1. Analitik Düşünce Biçimi
Analitik düşünce biçimi, kalıp olarak her yerde karşımıza çıkan bir ifadedir. Peki nedir analitik düşünce?
Temelde, alanı ne olursa olsun, bir mühendisten ilk beklenen “yorumlama” yetisidir. Mühendis, önüne gelen durum/sorun hakkında etraflıca düşünmesi ve çözüm sunması gereken kişidir. Bir örnekle açıklayayım:
Sorun: X deltasında enerji sıkıntısı yaşanmakta.
Çözüm: Delta üzerinde bulunan nehre baraj yapılması.

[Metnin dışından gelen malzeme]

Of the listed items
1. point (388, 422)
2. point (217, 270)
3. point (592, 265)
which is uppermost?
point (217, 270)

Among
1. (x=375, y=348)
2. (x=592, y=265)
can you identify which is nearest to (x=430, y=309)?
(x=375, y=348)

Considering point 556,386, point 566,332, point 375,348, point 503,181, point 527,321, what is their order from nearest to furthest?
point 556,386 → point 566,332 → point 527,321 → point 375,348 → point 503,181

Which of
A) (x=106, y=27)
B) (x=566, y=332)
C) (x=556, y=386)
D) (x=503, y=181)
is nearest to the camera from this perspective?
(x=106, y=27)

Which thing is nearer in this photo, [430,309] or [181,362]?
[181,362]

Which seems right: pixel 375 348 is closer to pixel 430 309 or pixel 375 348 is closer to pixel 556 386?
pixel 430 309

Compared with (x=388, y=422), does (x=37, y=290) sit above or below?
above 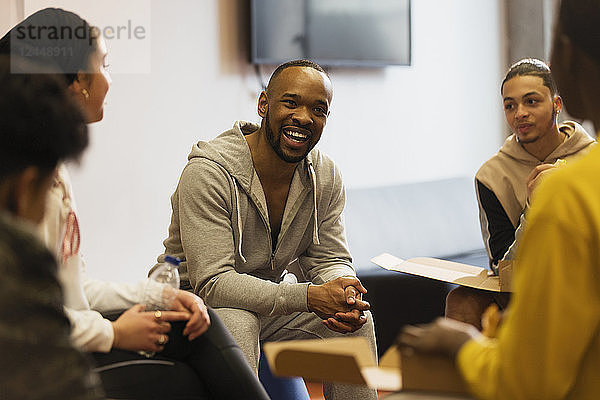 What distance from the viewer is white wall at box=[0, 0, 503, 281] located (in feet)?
10.3

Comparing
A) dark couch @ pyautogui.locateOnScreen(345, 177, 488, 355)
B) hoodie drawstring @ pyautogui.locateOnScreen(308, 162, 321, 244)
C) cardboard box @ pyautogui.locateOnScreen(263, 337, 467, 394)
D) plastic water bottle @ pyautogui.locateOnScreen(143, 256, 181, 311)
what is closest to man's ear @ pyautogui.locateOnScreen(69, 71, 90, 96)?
plastic water bottle @ pyautogui.locateOnScreen(143, 256, 181, 311)

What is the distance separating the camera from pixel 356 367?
1315 millimetres

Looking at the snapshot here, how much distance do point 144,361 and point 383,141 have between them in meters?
2.75

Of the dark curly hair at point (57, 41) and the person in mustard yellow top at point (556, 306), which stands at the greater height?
the dark curly hair at point (57, 41)

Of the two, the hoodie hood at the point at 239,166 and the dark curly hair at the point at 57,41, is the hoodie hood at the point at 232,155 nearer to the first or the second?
the hoodie hood at the point at 239,166

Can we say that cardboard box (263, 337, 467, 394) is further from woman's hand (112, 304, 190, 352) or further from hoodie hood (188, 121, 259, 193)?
hoodie hood (188, 121, 259, 193)

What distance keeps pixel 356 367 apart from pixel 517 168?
5.27 ft

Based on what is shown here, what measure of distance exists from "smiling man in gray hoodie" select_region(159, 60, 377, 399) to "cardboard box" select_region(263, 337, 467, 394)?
0.83m

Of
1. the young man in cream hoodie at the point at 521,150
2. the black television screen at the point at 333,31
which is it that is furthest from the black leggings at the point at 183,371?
the black television screen at the point at 333,31

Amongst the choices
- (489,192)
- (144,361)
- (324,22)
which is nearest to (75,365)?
(144,361)

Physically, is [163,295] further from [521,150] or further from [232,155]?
[521,150]

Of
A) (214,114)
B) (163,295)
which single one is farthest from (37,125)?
(214,114)

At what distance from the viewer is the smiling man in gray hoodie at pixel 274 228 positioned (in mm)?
2227

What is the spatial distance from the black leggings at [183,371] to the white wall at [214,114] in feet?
4.56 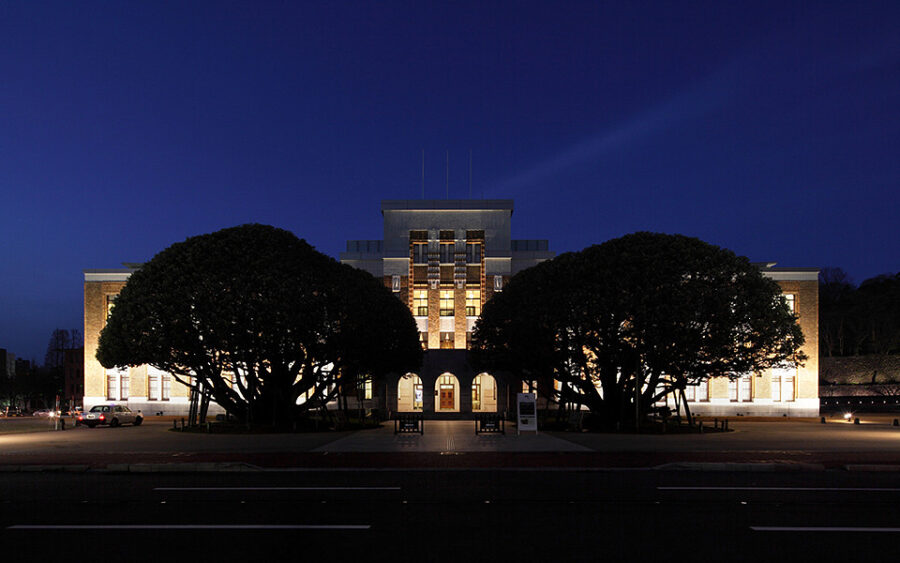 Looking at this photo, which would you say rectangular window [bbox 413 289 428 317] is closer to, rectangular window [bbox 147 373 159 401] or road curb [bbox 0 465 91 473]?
rectangular window [bbox 147 373 159 401]

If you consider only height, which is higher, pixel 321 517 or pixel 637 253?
pixel 637 253

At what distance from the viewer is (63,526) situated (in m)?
10.9

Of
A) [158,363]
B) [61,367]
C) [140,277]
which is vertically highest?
[140,277]

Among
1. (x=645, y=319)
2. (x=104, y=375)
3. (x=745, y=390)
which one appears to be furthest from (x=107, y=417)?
(x=745, y=390)

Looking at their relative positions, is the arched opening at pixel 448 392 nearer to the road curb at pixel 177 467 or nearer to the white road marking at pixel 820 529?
the road curb at pixel 177 467

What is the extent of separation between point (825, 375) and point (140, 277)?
6849 centimetres

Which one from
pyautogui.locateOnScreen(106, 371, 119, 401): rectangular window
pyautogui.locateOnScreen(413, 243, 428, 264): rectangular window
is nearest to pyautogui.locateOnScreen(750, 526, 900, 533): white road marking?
pyautogui.locateOnScreen(413, 243, 428, 264): rectangular window

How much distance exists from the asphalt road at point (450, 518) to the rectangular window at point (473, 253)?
146ft

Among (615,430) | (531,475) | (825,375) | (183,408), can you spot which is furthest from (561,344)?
(825,375)

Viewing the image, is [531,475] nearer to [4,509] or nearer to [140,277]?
[4,509]

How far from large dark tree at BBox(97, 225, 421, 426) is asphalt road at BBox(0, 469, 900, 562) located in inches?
665

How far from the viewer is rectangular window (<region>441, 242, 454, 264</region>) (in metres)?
61.5

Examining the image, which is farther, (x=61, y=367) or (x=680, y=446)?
(x=61, y=367)

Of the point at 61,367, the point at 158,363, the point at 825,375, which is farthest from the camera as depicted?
the point at 61,367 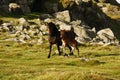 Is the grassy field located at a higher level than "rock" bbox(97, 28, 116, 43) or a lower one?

Mühendisin Analitik Düşünce Akışı: Deltadan nehrin, zeminin, havzanın bilgilerinin alınması ve bilgilerin işlenmesi. Bu bilgiler ışığında barajın kurulacağı yerin hesaplanması. Baraj yapımında kullanılacak malzemenin hesaplanması ve temin yöntemi. Kapasite hesaplaması.
Görüldüğü üzere birbirinden çok farklı ve hatta alan olarak farklı mühendislerin yapacağı işler aynı akışın içerisinde. Fakat analitik düşünce biçimini kendisine doğru şekilde kazandırmış mühendis, bu aşamaların her birini düşünebilme kabiliyetine sahip olmalıdır. Kendi işi olmasa dahi.
2. Alanına Hakimiyet
Mühendislik fakültesine adım atar atmaz sizleri iki tip insan karşılayacaktır.

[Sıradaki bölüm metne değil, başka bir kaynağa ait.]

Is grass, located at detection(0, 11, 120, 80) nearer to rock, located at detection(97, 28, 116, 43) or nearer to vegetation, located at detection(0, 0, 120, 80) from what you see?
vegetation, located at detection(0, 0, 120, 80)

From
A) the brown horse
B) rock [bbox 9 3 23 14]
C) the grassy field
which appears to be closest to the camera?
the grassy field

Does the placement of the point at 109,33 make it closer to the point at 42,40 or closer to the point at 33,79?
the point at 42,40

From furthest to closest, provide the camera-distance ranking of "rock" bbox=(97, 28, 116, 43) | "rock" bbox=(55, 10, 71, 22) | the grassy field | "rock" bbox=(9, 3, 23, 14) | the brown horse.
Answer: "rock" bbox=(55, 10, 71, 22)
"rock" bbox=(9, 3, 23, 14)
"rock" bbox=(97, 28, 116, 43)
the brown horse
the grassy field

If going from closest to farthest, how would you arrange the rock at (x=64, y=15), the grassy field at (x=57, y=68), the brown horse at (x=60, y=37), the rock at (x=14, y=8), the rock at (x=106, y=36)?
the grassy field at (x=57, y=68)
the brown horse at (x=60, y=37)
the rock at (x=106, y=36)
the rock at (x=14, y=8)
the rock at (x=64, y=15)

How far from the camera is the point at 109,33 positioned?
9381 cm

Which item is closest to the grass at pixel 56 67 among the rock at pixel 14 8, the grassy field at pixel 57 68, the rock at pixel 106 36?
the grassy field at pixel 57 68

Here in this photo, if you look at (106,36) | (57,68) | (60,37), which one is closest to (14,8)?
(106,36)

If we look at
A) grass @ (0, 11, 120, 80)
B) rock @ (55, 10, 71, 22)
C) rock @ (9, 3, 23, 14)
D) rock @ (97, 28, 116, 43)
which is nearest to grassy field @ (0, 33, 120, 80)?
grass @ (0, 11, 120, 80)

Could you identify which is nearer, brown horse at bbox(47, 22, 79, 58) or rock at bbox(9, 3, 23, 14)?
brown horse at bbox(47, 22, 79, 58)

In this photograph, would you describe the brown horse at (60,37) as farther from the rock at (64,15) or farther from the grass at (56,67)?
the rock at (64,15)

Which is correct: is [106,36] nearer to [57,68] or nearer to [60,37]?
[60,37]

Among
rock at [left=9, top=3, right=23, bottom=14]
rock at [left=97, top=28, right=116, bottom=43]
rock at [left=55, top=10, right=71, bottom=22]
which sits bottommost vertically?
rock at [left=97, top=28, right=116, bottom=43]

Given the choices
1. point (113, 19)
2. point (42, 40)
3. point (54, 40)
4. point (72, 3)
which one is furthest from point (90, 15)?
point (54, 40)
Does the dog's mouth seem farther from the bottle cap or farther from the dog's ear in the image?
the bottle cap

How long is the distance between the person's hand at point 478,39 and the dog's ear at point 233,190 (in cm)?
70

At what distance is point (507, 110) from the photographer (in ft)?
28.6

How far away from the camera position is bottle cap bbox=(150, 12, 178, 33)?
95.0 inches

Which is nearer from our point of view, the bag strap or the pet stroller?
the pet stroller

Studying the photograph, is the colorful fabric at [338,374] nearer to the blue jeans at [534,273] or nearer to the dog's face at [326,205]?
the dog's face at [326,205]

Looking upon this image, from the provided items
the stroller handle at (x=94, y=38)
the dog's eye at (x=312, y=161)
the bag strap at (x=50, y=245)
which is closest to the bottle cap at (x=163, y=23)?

Bunlardan ilki, muhtemelen yıllanmış arkadaşların içinde bulunduğu “piyasada bu öğrendiklerimizin hiçbirini kullanmayacağız, ortalamaya da kimsenin baktığı yok!” diyen tiptir.
İkincisi, içlerinde akademisyenlerin de bulunduğu “derslerinize iyi çalışın, öğrenmeden dersi geçmek sizin zararınıza!” diyen tiptir.
Aslında iki tipin de kendince doğru yanları var. Evet, 4 yıl boyunca alacağınız derslerin belki yarısı hakikaten içerik bakımından işinize yaramayacak ve final sınavından sonra unutup gideceksiniz. Fakat bu dersler temelde sizleri mühendis gibi düşünmeye hazırlayan derslerdir.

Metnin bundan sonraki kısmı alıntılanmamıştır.